[Input data — start]

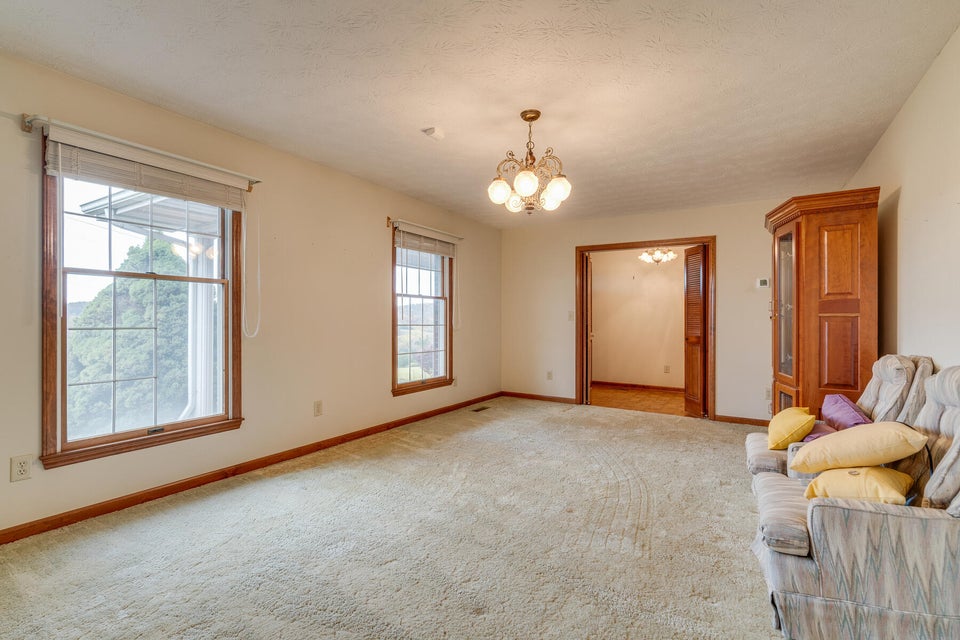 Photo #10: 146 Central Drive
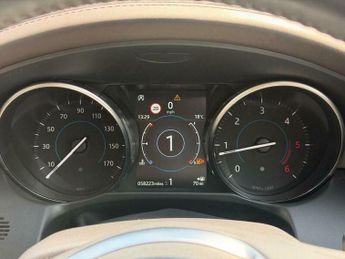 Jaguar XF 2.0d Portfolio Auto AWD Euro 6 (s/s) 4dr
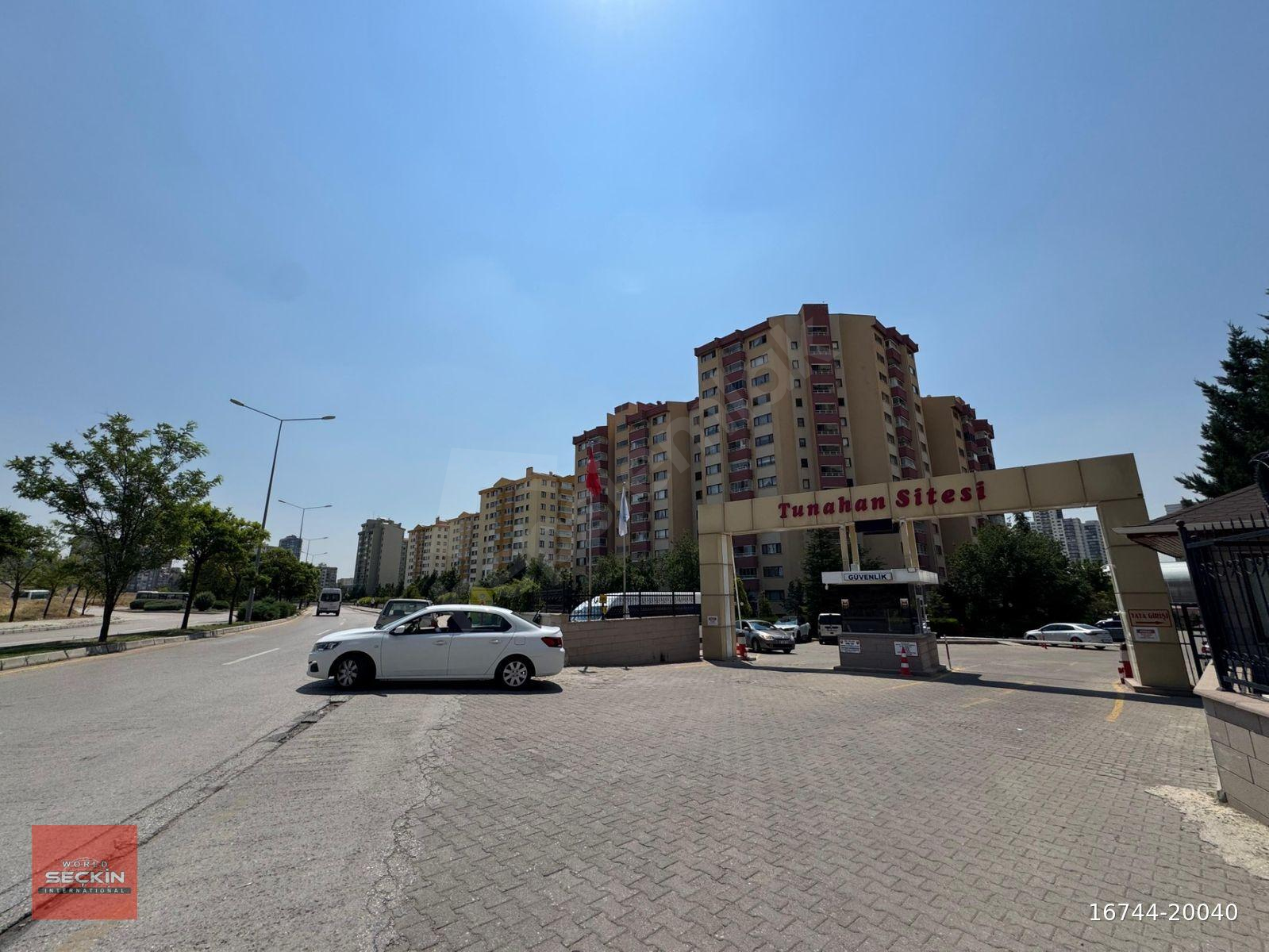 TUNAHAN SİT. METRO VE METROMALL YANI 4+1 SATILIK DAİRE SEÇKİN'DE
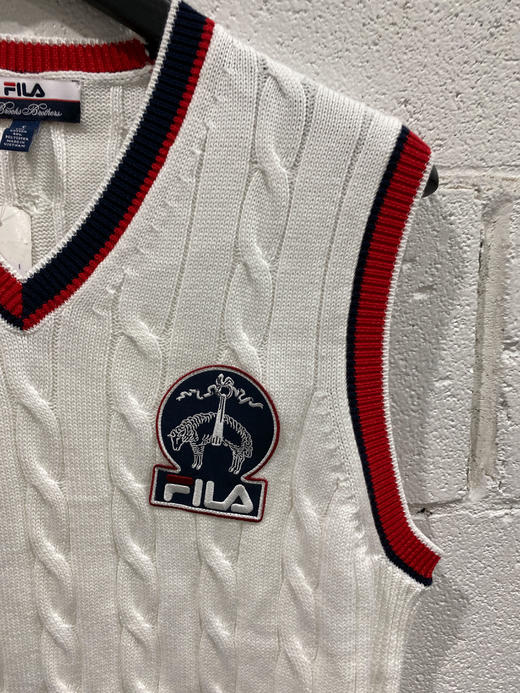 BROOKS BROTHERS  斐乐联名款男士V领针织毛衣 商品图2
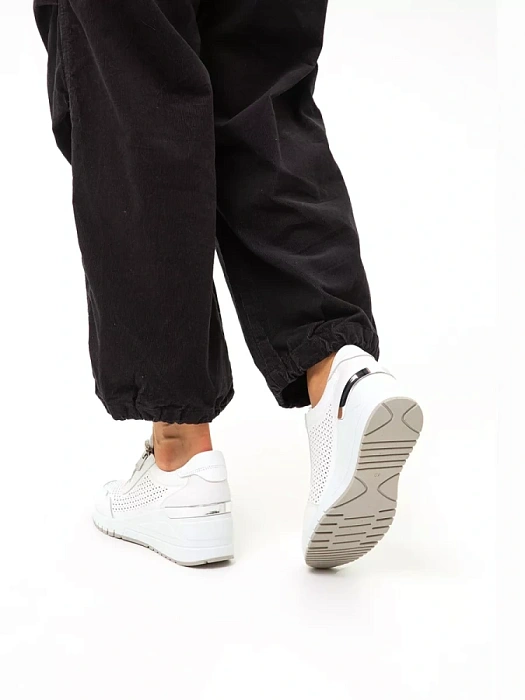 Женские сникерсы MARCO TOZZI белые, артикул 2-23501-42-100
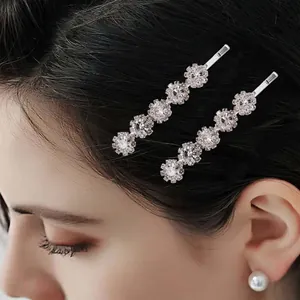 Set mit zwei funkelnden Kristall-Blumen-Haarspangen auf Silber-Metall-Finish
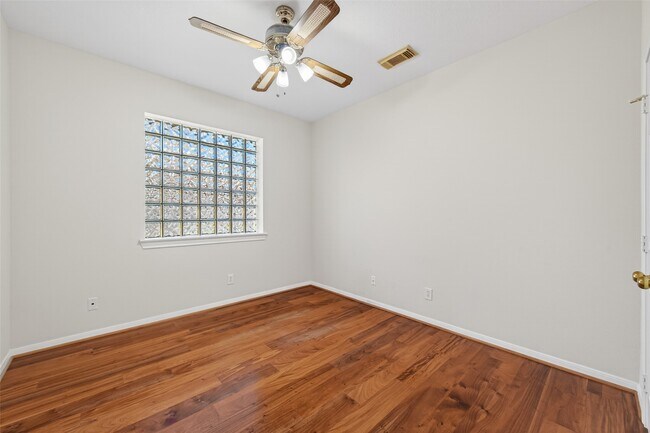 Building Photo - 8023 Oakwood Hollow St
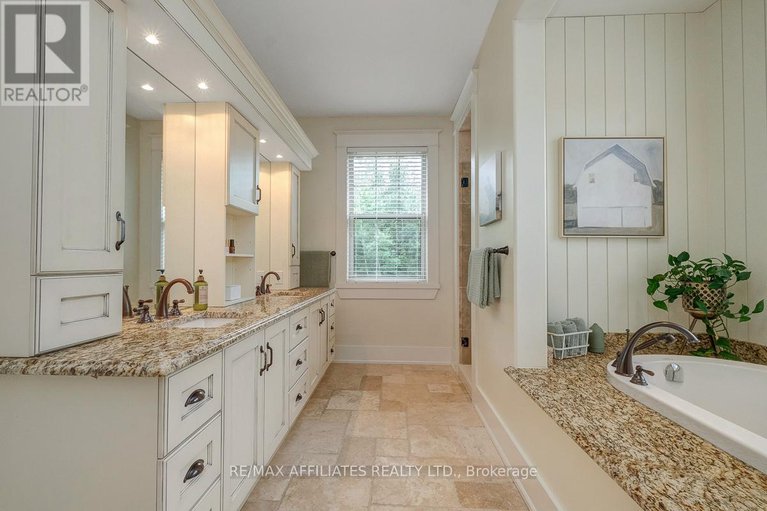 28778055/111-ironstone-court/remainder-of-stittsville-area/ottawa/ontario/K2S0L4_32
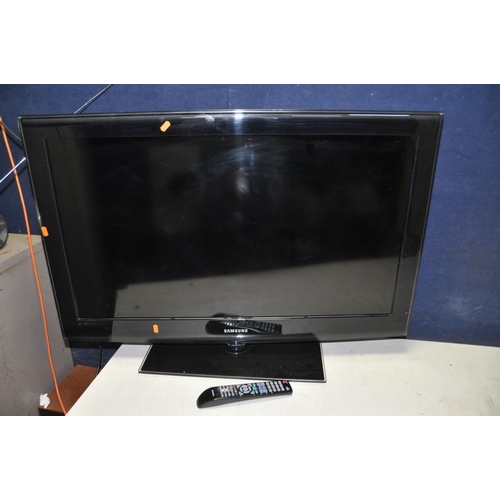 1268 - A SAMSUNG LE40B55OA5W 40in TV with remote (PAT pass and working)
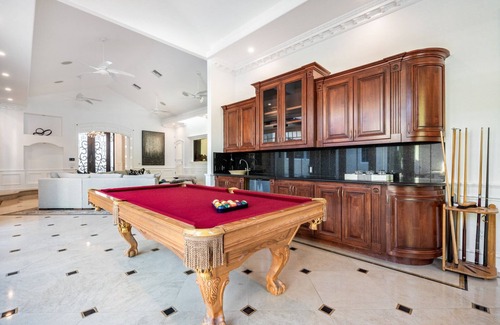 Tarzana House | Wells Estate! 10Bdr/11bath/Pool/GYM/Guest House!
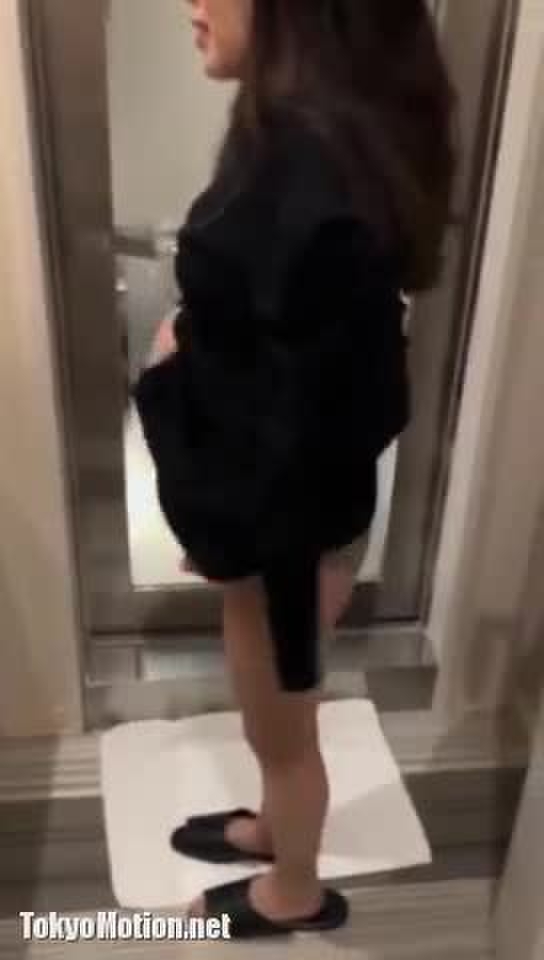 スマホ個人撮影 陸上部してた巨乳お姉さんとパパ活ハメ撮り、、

[Input data — finish]

[Exercise brief]: Would you give again, exactly as written, the lines from the one containing "Set mit zwei" through the end of the records, with no pictures and no other lines?

[Exercise answer]:
 Set mit zwei funkelnden Kristall-Blumen-Haarspangen auf Silber-Metall-Finish
 Building Photo - 8023 Oakwood Hollow St
 28778055/111-ironstone-court/remainder-of-stittsville-area/ottawa/ontario/K2S0L4_32
 1268 - A SAMSUNG LE40B55OA5W 40in TV with remote (PAT pass and working)
 Tarzana House | Wells Estate! 10Bdr/11bath/Pool/GYM/Guest House!
 スマホ個人撮影 陸上部してた巨乳お姉さんとパパ活ハメ撮り、、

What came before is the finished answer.